Delta Groove Music, 2010

REVIEW BY: David Bowling


Elvin Bishop has been cranking out the tunes for almost half a century now.

During the late ‘50s, he entered the University Chicago, which is located right in the middle of Chicago’s south side, one of the major centers of the blues. He met Paul Butterfield there, and together they sampled the music of Muddy Waters, Little Walter, Otis Rush, Howlin’ Wolf, and other giants of the early electric blues at local clubs. All the while, Bishop was developing his own guitar style.

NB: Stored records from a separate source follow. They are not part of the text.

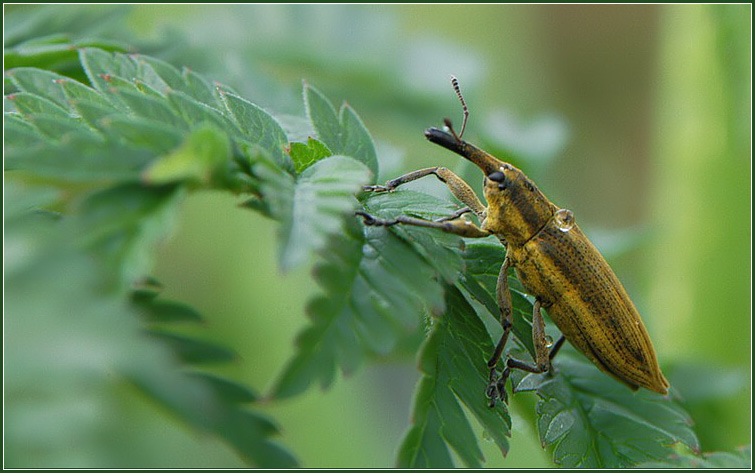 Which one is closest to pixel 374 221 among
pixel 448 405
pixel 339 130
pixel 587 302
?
pixel 339 130

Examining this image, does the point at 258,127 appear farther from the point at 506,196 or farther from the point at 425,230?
the point at 506,196

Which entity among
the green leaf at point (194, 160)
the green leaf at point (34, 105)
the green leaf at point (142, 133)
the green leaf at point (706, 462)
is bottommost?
the green leaf at point (706, 462)

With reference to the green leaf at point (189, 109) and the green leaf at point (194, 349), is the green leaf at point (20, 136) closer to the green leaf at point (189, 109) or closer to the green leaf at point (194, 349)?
the green leaf at point (189, 109)

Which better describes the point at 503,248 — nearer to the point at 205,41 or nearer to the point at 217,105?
the point at 217,105

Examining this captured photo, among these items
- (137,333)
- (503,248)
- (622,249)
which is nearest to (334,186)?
(137,333)

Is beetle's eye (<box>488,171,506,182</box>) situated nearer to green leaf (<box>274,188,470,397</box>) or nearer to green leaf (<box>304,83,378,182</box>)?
green leaf (<box>304,83,378,182</box>)

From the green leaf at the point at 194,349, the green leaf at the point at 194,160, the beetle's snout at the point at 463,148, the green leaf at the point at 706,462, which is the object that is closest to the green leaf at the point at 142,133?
the green leaf at the point at 194,160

During 1963, the pair recruited Howlin’ Wolf’s rhythm section – drummer Sam Lay and bassist Jerome Arnold – and formed The Paul Butterfield Blues band. By the mid-‘60s, legendary guitarist Mike Bloomfield had joined, and his and Bishop’s guitar’s propelled the group to the forefront of the white electric blues world.my_heart_sings_the_harmony_web_ad_alt_250

He remained with Butterfield for three albums before striking off on his own. Since then, has released seventeen studio and four live albums since 1969. His most popular period occurred during the mid-‘70s. His Struttin’ My Stuff was a huge commercial success and produced the number three single “Fooled Around and Fell In Love.”

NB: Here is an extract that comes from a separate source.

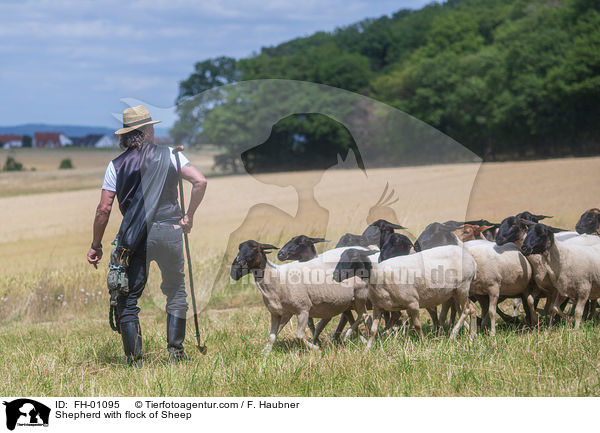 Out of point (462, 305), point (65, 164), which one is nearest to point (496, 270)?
point (462, 305)

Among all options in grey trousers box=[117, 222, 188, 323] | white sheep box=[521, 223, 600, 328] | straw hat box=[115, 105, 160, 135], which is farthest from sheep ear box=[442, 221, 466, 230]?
straw hat box=[115, 105, 160, 135]

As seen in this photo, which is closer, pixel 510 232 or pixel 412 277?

He has now returned with studio album number eighteen. Red Dog Speaks is the nickname for his trusty 1959 Gibson ES-345 guitar. This guitar helps him present some blues, rock ‘n’ roll, and even some old doo-wop. On board to lend support are such musicians as Roy Gaines, Tommy Castro, Ronnie Baker Brooks, Kid Anderson, and the always welcome Buckwheat Zydeco.

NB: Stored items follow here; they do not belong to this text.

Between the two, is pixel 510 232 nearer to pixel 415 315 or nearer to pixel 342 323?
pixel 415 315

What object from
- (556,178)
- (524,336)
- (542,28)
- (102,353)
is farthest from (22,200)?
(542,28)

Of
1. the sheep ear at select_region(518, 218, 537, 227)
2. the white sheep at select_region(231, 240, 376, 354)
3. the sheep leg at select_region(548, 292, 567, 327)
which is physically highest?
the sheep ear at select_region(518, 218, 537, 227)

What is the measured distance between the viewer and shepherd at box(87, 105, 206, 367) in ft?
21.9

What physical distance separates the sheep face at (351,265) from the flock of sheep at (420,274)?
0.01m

The first track, “Red Dog Speaks,” sets the tone of the album. He introduces his old guitar friend and then swings into some gritty slow blues. “Get Your Hand Out Of My Pocket” clearly demonstrates that he has lost none of his guitar skills plus there is some nice harp work by John Nemeth. “Fat And Sassy” is old school Bishop as he provides the vocals and some classic slide guitar.

Two instrumentals are very strong performances and both include some more slide guitar. “His Eye Is On The Sparrow” is an old traditional gospel song that he jazzes up a bit with some brass in support. Kid Anderson provides some low guitar work. “The “Doo-Wop Medley” consisting of “In The Still Of The Night/Maybe” is a nice if unusual track by Bishop.

Elvin Bishop is the consummate professional. He does not try to overextend himself, nor does he travel too far from the strengths which he has developed during the past half century. It all adds up to a fine addition to this veteran’s catalogue.